According to the Aug. 16 report, the inspector general said the Forest Service has no consistent process for identifying where wildfire fuel should be removed, doesn’t use science-based risk assessment to pick projects and doesn’t accurately report data on the work it does.

As forest fires burn in western states, it’s clear that the Forest Service isn’t making the most of its limited budget to protect against wildfires, the report states. Just five of the 154 national forests had risk-assessment processes being developed or in place to figure out how to prioritize projects.

I’ve often suspected that this was done! In some areas, the USFS appears to be a “rogue” Agency, hiding the bad stuff that they do. No wonder the eco-groups don’t trust the Forest Service, eh?

24 thoughts on “Watchdog: Forest Service mismanaging forest fire risk”

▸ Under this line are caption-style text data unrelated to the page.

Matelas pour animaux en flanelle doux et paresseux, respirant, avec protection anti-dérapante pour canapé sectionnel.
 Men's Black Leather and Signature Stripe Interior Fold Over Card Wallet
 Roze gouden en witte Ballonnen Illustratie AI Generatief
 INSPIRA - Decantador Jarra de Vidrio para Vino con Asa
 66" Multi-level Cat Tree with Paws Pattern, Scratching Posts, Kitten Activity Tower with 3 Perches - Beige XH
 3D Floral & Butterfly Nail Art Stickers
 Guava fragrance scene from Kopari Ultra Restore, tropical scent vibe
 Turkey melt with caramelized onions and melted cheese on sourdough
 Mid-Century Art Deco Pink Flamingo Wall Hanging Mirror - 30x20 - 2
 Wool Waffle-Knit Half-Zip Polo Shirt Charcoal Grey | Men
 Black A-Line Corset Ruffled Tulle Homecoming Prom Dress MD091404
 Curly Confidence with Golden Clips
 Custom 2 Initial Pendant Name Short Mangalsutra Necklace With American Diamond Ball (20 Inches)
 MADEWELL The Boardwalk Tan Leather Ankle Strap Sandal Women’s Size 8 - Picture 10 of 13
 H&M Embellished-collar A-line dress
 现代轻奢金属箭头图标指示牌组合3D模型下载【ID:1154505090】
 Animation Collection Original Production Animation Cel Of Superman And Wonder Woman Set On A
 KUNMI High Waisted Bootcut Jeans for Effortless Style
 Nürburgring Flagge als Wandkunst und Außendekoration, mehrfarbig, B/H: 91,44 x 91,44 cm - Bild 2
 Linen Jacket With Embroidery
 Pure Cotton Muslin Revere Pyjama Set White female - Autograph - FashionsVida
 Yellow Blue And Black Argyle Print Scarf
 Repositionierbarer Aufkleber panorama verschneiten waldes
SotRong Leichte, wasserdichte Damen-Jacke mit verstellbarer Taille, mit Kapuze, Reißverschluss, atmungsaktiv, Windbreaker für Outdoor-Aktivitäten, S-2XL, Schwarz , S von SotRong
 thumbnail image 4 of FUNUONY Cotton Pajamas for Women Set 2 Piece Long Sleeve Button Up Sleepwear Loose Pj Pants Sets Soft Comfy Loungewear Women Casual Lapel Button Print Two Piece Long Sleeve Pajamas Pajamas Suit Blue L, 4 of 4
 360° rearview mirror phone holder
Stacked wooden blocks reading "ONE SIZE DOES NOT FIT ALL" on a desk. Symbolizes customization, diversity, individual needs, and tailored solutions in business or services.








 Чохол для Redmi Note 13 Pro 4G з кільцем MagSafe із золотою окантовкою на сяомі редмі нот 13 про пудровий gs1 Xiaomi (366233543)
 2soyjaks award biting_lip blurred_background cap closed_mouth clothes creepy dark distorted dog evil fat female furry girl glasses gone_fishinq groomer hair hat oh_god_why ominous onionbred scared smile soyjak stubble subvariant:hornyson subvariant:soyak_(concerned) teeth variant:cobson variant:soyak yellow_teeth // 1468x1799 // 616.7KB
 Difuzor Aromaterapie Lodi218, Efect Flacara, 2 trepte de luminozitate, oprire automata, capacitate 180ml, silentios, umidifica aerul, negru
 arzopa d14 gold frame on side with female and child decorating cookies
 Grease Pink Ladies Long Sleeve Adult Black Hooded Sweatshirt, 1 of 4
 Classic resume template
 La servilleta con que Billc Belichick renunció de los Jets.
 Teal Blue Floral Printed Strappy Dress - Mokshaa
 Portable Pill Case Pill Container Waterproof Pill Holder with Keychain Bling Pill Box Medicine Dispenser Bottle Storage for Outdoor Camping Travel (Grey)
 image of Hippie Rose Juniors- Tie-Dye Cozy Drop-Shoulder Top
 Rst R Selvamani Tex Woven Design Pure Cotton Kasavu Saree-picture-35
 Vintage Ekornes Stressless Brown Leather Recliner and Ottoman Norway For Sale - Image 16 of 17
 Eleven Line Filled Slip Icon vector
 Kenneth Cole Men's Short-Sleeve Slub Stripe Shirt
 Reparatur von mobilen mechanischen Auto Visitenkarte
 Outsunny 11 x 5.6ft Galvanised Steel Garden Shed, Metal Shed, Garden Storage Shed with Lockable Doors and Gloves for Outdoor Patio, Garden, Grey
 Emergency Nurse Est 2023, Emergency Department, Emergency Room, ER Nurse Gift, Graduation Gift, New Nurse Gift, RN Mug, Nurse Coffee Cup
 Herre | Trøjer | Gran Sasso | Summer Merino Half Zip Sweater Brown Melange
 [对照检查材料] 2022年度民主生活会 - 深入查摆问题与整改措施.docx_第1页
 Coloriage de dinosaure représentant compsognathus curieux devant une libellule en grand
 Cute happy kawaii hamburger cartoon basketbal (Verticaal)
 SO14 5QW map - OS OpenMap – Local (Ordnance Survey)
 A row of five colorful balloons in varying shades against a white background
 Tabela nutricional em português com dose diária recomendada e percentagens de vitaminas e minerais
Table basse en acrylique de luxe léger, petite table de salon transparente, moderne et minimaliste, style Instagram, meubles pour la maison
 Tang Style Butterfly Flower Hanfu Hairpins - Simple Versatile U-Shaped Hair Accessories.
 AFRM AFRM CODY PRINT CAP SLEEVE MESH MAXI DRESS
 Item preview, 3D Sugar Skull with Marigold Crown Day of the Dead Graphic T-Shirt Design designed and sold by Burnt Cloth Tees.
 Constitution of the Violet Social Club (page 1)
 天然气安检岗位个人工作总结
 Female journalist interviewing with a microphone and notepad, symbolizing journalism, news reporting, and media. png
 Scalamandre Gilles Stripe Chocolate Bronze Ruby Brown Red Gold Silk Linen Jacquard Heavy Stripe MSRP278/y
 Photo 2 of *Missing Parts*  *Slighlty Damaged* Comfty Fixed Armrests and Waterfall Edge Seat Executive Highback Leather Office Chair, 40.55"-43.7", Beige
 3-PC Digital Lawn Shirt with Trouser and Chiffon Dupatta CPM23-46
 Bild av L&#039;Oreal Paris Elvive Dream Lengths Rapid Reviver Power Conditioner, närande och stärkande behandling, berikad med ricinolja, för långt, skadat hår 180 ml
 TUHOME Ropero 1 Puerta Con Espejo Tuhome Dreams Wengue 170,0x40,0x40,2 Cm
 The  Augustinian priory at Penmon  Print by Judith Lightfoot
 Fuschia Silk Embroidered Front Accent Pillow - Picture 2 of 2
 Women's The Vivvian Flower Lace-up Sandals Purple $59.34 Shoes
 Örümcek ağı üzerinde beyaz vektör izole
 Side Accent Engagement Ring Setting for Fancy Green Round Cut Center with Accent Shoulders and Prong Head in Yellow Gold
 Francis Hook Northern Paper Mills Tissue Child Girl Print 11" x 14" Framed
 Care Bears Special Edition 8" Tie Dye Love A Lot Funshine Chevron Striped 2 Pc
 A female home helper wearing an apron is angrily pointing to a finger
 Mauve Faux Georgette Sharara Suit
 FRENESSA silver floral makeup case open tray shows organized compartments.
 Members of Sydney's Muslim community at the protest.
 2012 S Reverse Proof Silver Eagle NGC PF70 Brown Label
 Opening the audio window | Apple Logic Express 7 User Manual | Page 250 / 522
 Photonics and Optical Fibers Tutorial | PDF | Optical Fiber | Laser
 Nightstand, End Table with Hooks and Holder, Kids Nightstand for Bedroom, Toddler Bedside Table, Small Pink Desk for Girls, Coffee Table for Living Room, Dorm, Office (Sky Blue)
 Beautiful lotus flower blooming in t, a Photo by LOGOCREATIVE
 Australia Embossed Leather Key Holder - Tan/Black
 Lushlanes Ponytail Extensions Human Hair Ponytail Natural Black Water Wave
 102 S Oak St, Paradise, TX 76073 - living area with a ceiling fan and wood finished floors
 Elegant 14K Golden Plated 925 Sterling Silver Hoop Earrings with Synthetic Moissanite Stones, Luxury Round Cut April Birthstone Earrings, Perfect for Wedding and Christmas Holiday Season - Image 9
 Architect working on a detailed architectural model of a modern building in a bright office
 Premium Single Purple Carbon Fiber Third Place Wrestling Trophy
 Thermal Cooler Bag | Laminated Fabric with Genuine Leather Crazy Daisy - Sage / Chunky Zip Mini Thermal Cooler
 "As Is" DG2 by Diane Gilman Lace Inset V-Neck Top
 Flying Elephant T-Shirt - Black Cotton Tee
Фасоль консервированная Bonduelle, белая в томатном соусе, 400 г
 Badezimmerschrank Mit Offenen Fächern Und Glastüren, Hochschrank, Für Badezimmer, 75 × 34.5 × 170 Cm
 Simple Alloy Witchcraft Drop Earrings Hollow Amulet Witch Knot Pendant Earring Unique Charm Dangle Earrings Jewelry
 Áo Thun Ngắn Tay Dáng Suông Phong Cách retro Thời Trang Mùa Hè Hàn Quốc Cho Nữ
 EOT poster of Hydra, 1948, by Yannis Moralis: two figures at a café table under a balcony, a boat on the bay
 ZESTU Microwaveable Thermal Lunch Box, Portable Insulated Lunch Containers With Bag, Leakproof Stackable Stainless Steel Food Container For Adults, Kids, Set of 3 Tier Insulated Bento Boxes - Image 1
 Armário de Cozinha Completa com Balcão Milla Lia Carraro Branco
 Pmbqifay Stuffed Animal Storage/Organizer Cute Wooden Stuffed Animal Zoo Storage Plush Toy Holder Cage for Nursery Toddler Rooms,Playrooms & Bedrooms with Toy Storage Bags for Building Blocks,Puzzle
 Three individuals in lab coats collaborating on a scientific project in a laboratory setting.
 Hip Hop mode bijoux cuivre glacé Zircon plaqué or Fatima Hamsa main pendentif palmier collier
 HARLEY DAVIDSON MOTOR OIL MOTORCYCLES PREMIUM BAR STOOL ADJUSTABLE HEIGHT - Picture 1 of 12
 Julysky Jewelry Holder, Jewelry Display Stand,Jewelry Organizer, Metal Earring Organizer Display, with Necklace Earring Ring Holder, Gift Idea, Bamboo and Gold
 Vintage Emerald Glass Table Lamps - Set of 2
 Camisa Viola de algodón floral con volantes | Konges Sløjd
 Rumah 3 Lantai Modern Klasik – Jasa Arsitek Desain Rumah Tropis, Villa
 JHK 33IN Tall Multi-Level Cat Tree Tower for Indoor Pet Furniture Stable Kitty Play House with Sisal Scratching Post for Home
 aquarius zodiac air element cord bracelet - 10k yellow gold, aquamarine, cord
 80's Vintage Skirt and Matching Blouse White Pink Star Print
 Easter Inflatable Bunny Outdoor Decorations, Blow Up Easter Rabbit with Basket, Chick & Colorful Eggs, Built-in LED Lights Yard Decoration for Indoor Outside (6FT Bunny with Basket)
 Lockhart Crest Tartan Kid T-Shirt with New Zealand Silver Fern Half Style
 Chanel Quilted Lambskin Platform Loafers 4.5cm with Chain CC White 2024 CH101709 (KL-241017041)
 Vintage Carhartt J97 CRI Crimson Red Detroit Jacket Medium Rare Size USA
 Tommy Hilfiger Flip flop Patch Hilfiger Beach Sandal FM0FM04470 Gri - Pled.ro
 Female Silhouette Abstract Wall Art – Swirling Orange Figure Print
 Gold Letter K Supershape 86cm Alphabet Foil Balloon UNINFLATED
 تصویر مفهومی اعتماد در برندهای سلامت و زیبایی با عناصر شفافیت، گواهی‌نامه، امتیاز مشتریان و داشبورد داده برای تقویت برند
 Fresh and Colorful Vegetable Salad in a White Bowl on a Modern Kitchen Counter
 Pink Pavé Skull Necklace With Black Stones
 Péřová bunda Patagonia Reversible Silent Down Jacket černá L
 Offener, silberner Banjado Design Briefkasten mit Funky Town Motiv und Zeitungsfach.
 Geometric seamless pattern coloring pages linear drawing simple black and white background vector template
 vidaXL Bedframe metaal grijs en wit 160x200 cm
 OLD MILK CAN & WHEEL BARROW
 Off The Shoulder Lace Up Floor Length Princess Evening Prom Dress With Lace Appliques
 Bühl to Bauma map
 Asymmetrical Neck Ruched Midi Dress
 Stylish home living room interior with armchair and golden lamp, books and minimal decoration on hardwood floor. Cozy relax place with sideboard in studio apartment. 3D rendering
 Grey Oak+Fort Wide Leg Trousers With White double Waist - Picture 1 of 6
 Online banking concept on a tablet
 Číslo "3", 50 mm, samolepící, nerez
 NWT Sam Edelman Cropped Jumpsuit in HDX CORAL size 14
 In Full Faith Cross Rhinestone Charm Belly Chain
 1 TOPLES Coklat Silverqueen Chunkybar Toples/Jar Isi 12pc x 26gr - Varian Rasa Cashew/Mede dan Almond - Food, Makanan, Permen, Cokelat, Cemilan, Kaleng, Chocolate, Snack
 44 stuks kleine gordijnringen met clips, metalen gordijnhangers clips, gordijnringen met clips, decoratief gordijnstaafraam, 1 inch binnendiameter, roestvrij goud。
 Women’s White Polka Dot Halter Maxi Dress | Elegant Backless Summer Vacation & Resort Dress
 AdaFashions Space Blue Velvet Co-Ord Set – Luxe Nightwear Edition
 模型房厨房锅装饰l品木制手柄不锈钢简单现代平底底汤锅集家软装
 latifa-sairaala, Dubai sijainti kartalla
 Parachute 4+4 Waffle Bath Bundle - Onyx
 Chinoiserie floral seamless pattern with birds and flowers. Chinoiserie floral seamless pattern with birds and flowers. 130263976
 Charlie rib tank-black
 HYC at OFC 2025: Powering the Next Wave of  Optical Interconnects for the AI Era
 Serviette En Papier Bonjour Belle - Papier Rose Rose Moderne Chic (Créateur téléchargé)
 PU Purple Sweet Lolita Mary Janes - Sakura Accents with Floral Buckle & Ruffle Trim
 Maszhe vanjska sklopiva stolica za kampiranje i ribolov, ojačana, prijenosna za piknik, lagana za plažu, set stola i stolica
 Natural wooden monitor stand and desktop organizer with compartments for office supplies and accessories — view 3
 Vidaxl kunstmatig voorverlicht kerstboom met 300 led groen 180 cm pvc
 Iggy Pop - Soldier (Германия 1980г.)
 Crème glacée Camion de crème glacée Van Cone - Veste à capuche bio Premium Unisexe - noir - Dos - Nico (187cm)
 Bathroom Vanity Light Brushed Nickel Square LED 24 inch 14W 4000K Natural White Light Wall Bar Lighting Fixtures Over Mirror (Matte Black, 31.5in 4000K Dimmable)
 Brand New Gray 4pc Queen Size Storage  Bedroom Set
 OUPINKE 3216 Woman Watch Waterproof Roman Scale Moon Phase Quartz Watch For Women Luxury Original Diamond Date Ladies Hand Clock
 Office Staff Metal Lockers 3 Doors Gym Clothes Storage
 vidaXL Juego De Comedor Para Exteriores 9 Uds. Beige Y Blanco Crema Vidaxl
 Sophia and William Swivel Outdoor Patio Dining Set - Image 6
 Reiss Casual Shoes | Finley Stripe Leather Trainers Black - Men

  1. The issue is far bigger than just managing wildfires hazards and involves most all forest land managing agencies and corporations. Our inventory processes are completely inadequate to properly manage our remaining forested lands, no matter who is responsible. Back in 1964, I presented a paper at the Mid-West Wildlife Conference, demonstrating a process to identify the individual forest communities and collect data required to prioritize treatment needs. We sampled each community to record current conditions and needs. This was done for an entire 200,000 acre Ranger District. Data was recorded so it could be retrieved for future planning. The idea was to re-visit each community every 10 years to refine the data and expand our knowledge. It turned out that the average community was about 35 acres in size. Today’s technology would certainly allow for a much more efficient process however, there is no substitute for on-the-ground observation and examination by a professional scientist to provide sound data. Unfortunately, today’s focus remains on what we can take from the forests and not the needs of the individual forest communities to maintain or improve health and provide diversity. If the science of forestry does not make significant changes, and soon, we will be faced with same issues that resulted in the collapse and failure of numerous societies from the past. Health and diversity are far more important to preventing catastrophic events within our valuable forest communities!

    Reply
    • So, you seem to be in favor of more “analysis paralysis”? And, how can more forest inventory be done, without “boots on the ground”? The Forest Service has plenty of money but, they choose to spend it on wildfires. They hire “grunts”, right off the street, into important positions. They are more concerned with diversity, rather than experience. They are WAY too top-heavy, and alienating potential future employees.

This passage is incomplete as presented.